§ **Task instructions**: Below are entries; output exactly the lines from the one with "FUJI ELECTRIC UG420H-SC1ZU" to the one with "Amplían horario de venta de cerveza Amplían", both included, and nothing else.

§ **Given data**:
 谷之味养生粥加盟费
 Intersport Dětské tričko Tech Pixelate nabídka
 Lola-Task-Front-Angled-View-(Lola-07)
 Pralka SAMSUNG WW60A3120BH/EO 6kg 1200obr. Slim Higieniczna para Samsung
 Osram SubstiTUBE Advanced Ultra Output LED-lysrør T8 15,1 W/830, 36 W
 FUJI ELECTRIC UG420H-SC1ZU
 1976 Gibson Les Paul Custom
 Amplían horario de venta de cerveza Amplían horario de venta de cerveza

...

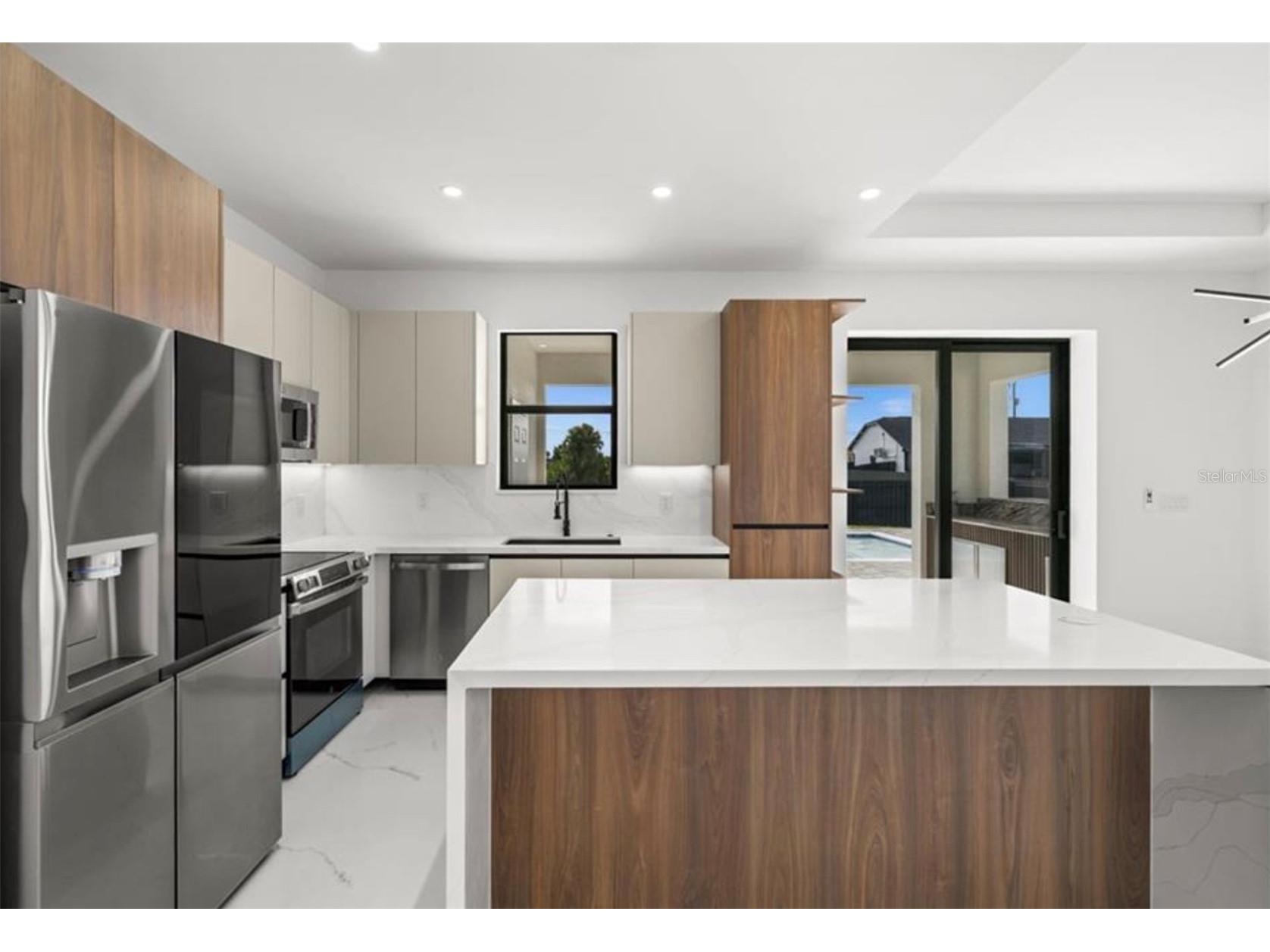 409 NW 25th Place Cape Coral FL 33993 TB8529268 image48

§ **Exercise solution**:
 FUJI ELECTRIC UG420H-SC1ZU
 1976 Gibson Les Paul Custom
 Amplían horario de venta de cerveza Amplían horario de venta de cerveza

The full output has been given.